Copy the records below exactly, starting at the line that contains "2-in-1 Cat Playpen" and ending at the line that contains "Taekwondo Fighter Mixed"; leave out any pictures.

### EXTRACTED INFORMATION
_____

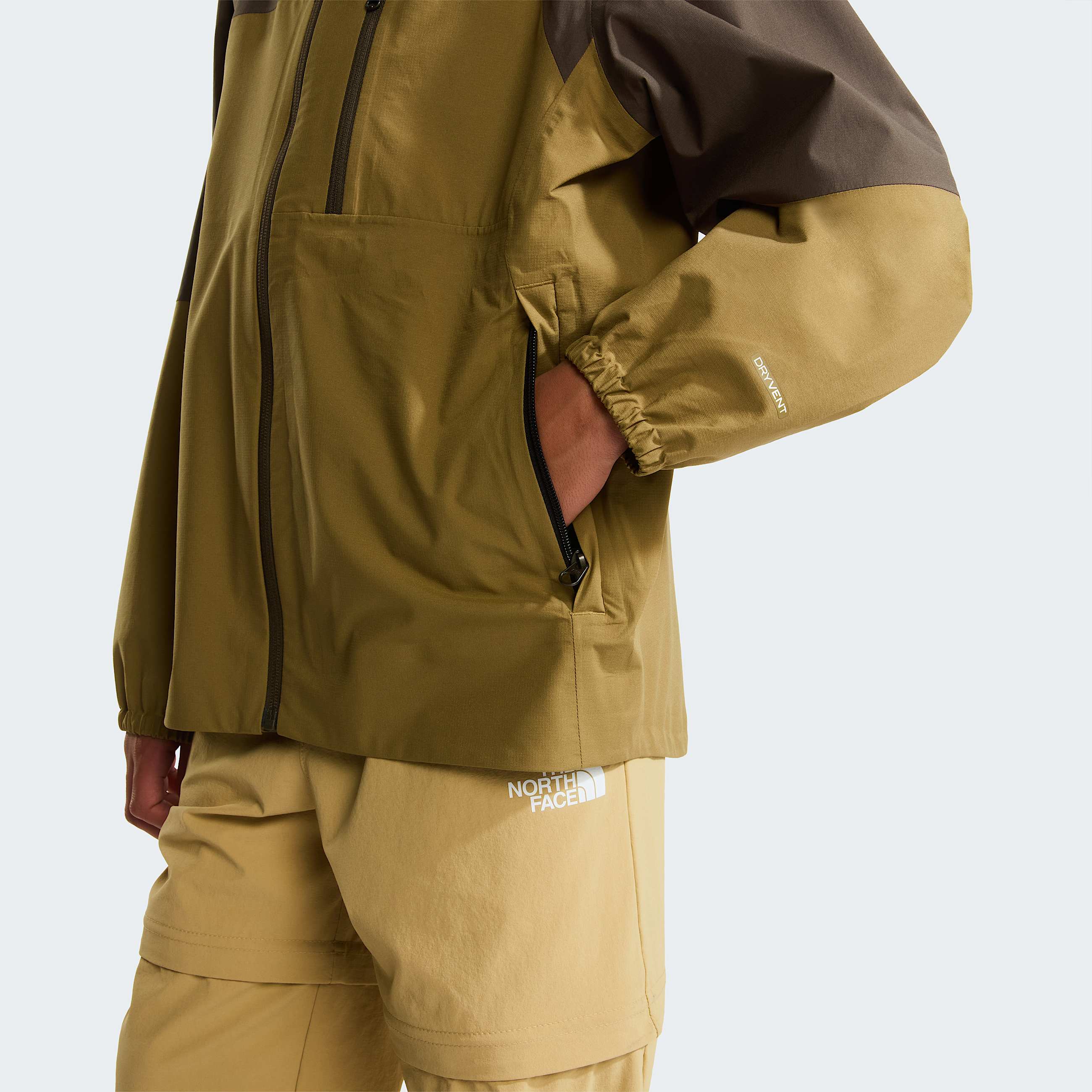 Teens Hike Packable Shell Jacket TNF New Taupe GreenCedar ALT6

_____

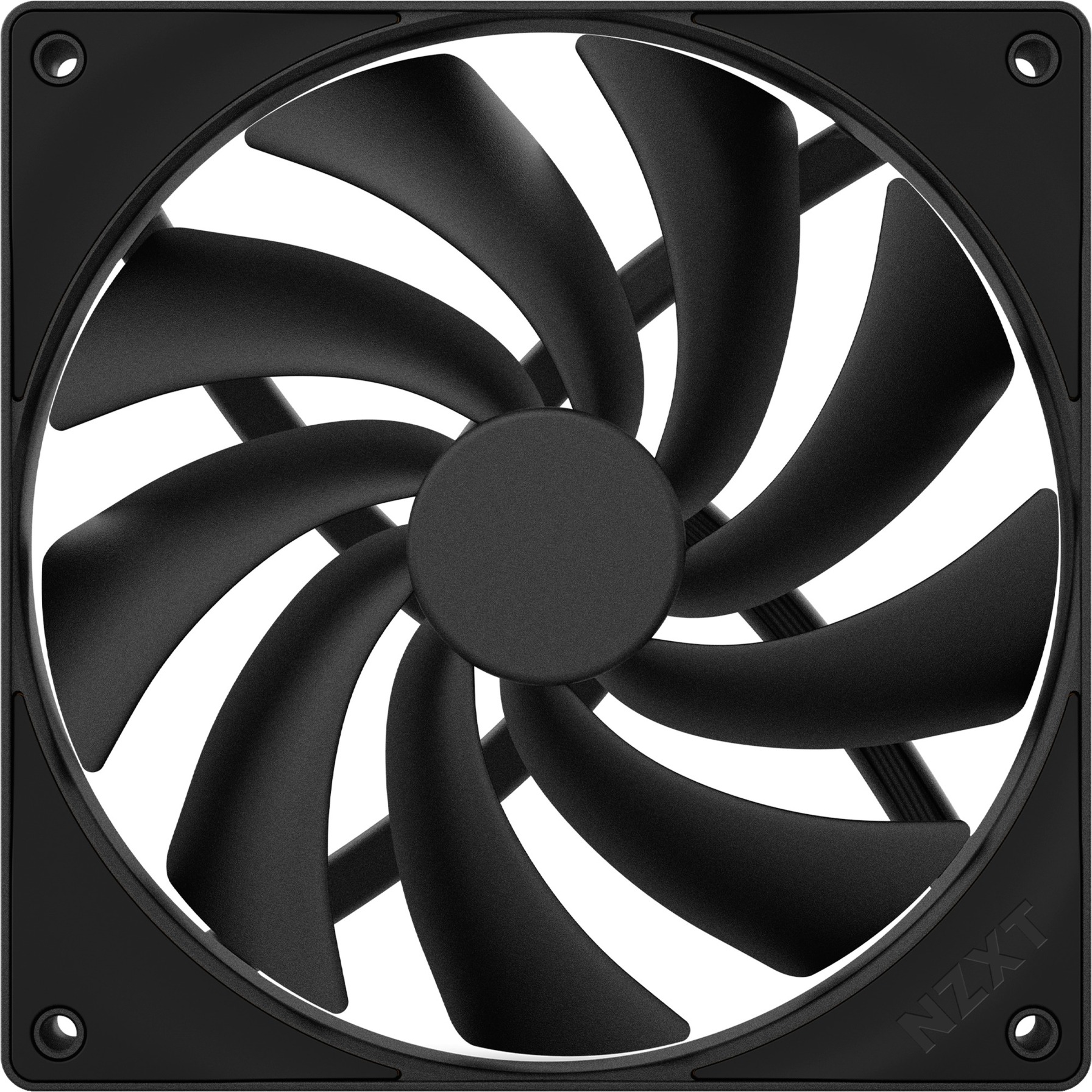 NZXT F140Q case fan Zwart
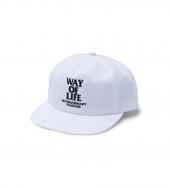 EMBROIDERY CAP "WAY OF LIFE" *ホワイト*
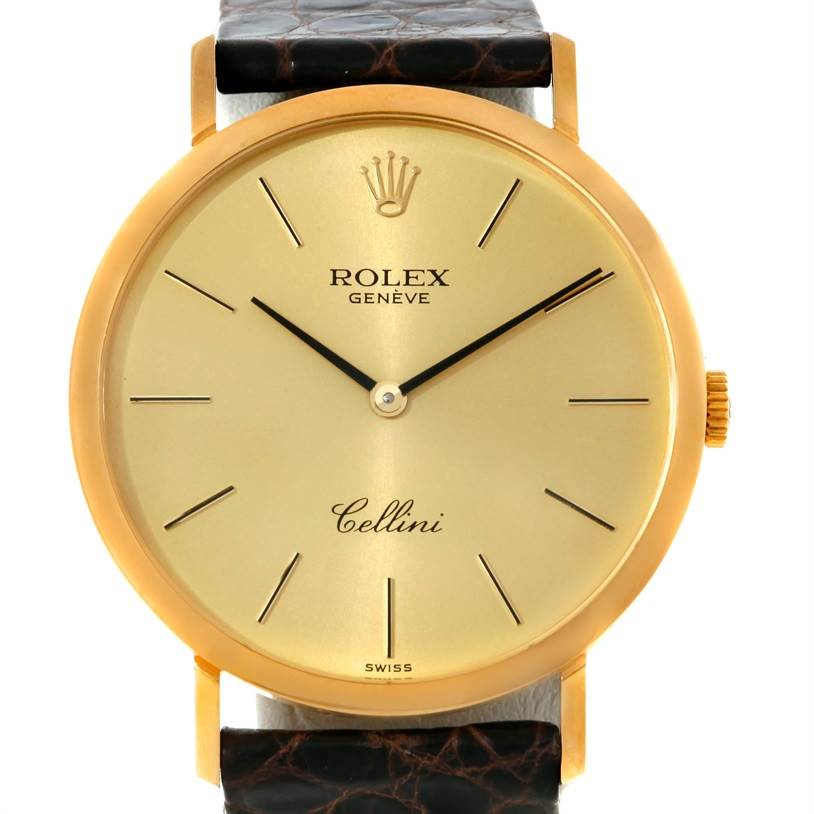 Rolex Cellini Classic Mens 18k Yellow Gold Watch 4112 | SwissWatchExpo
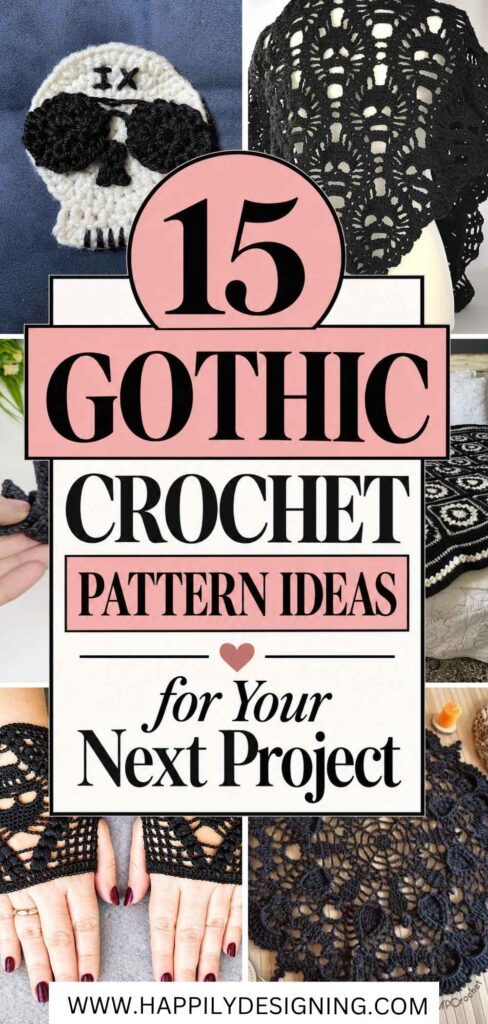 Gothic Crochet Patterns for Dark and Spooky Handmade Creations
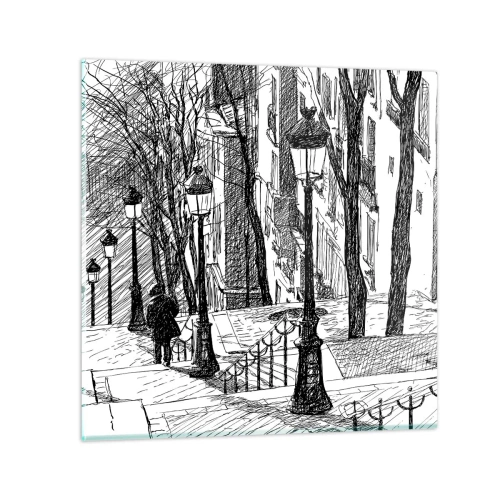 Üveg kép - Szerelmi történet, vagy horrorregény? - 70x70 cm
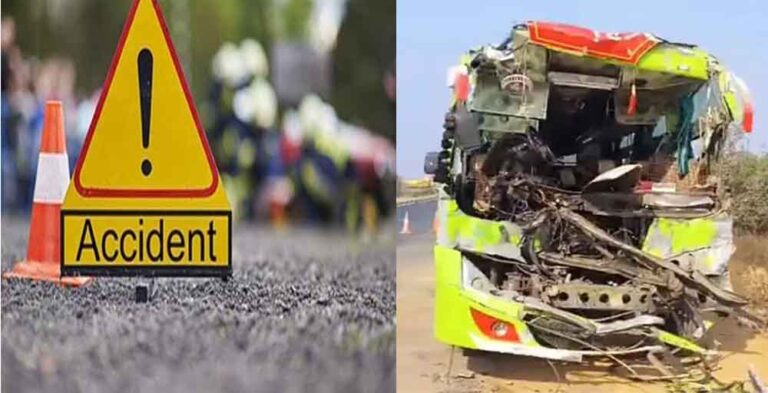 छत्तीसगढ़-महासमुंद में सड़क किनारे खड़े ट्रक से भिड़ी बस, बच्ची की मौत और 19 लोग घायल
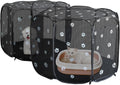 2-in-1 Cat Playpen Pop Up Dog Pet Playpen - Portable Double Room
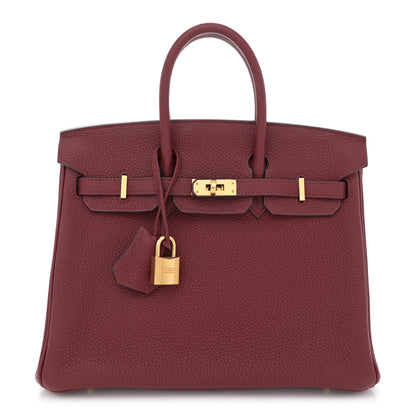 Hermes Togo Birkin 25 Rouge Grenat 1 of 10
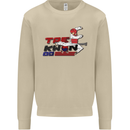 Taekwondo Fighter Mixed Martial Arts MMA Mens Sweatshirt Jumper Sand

_____

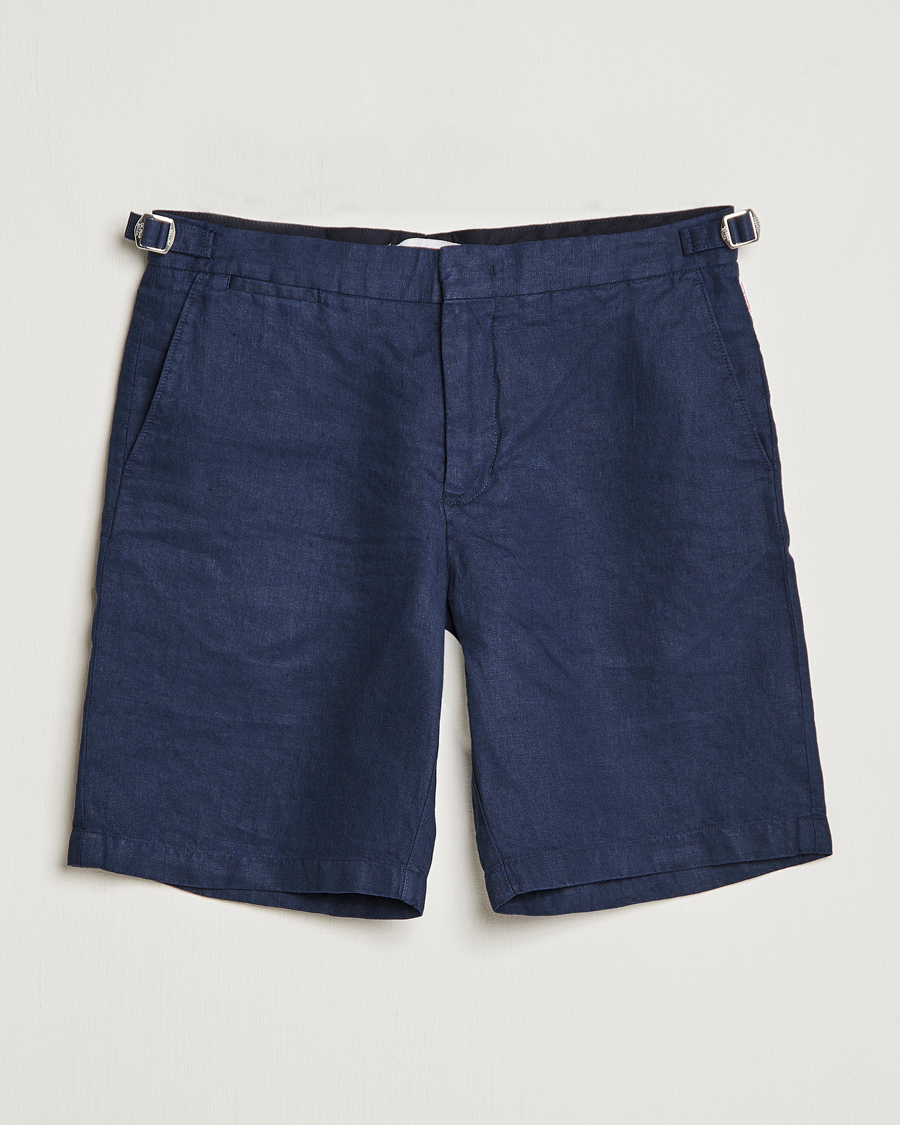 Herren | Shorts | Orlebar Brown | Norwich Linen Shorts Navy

_____

### RESPONSE TO THE TASK
 2-in-1 Cat Playpen Pop Up Dog Pet Playpen - Portable Double Room
 Hermes Togo Birkin 25 Rouge Grenat 1 of 10
 Taekwondo Fighter Mixed Martial Arts MMA Mens Sweatshirt Jumper Sand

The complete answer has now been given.